What is expected:
What is needed is an exact repetition of the lines below, from the first one through the one holding "Gotov očevid u", with no pictures and nothing else.

· · · ·

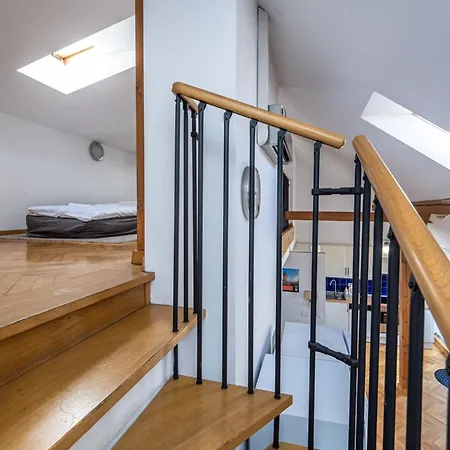 Jiriho Z Podebrad Apartment Prague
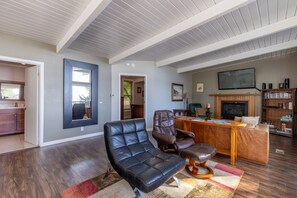 Televisión y chimenea 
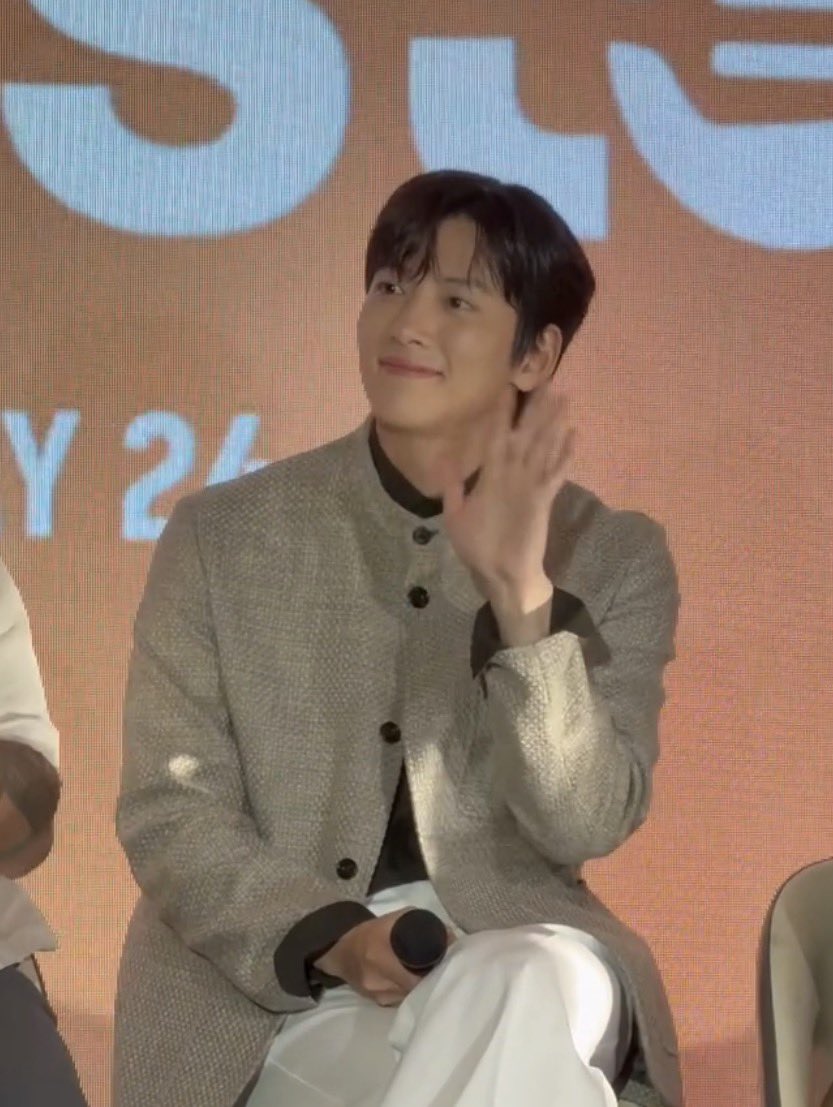 [잡담] 지창욱 오늘 사진보니까 | 인스티즈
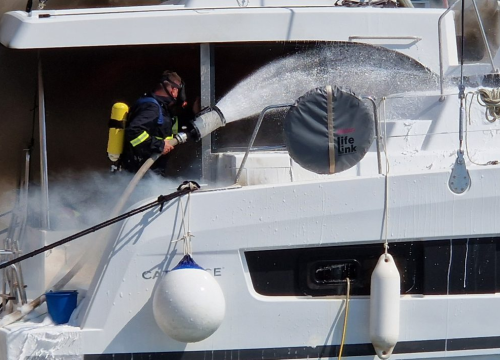 Gotov očevid u Primoštenu: Šteta na katamaranu nakon požara pola milijuna eura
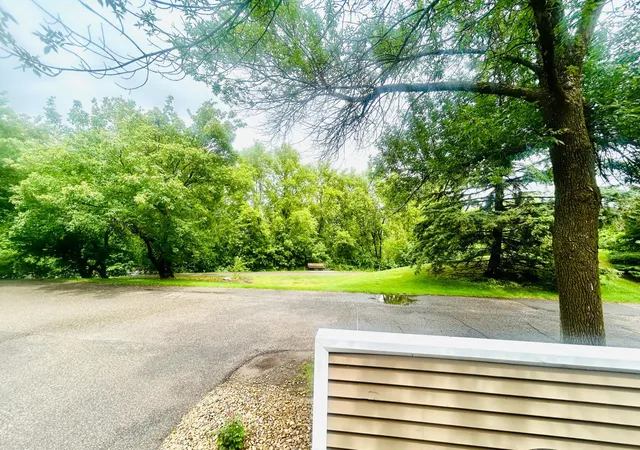 Photo 3 of Single family home for sale at 102 Primrose Ct, Saint Paul, MN 55127 | MLS# 7094006 | Listing updated on 2026-09-14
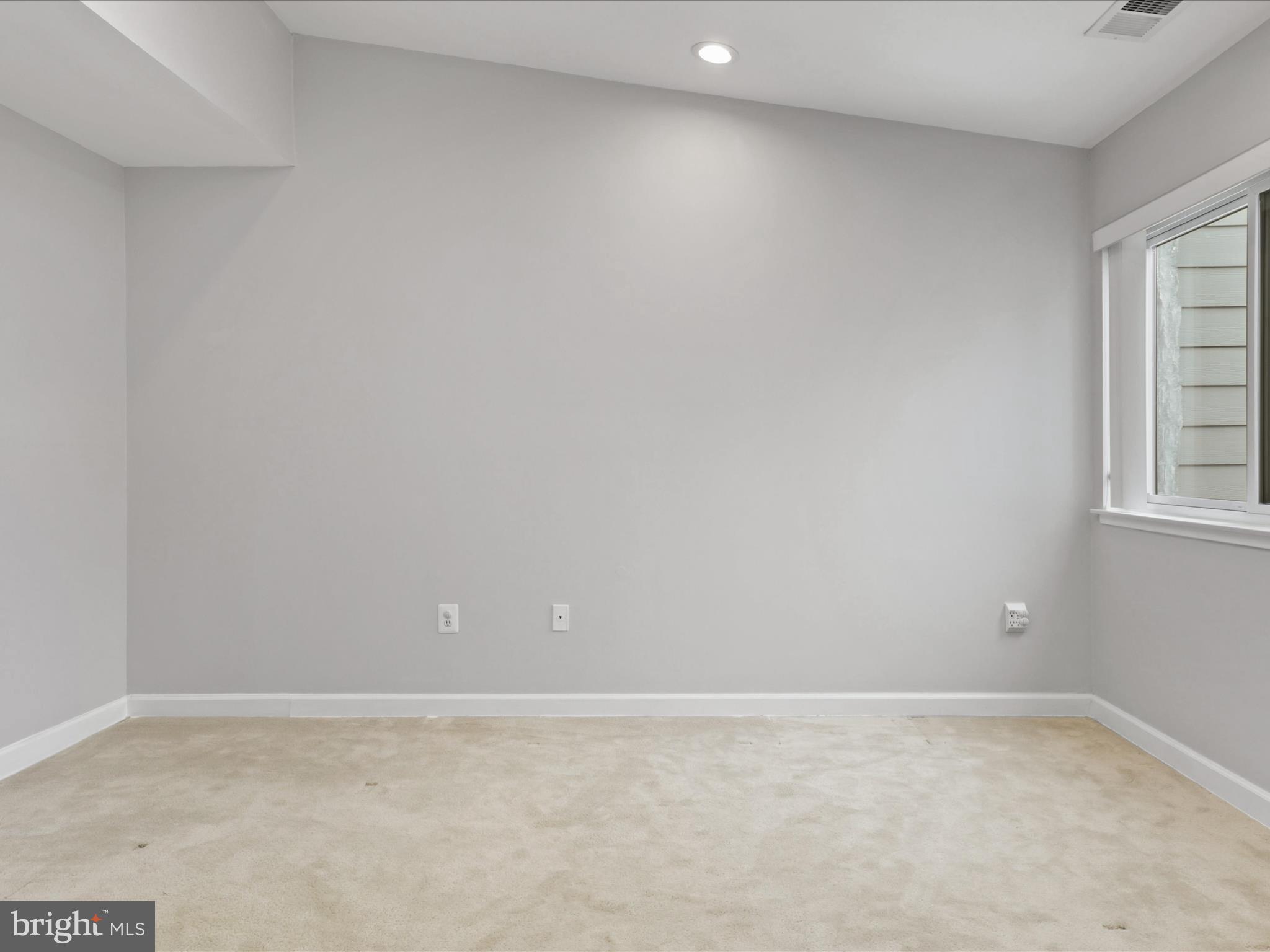 1911 B Villaridge Drive, Unit 1911B Reston, VA 20191 - Photo 25 of 38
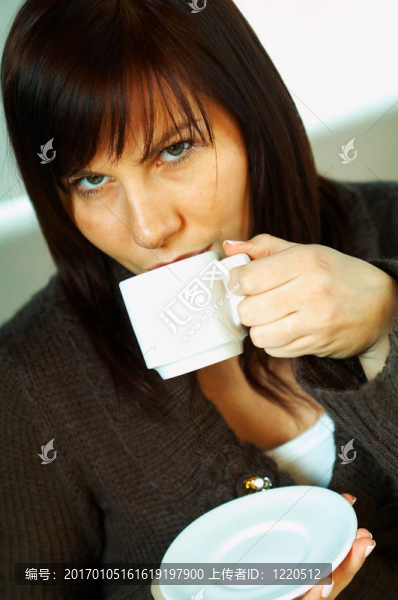 只是一杯咖啡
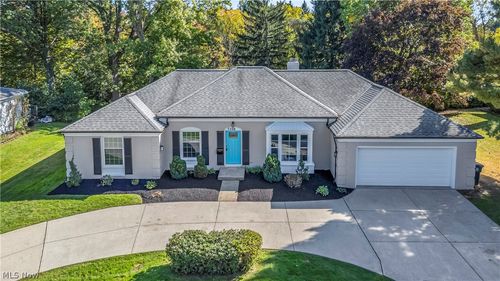 5108 Meadow Wood Blvd., Lyndhurst, OH, 44124 | Card Image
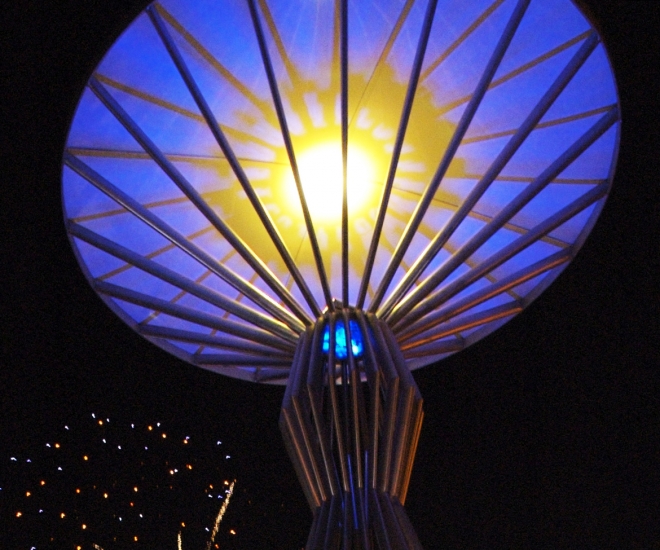 Three Luminous Bodies, Station Beacons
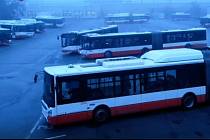  Ještě za tmy vyrážejí řidiči s prvními autobusy brněnského dopravního podniku z vozovny v brněnské Slatině. Zaplněné parkoviště se postupně vyprazdňuje.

· · · ·

Response to this exercise:
 Jiriho Z Podebrad Apartment Prague
 Televisión y chimenea 
 [잡담] 지창욱 오늘 사진보니까 | 인스티즈
 Gotov očevid u Primoštenu: Šteta na katamaranu nakon požara pola milijuna eura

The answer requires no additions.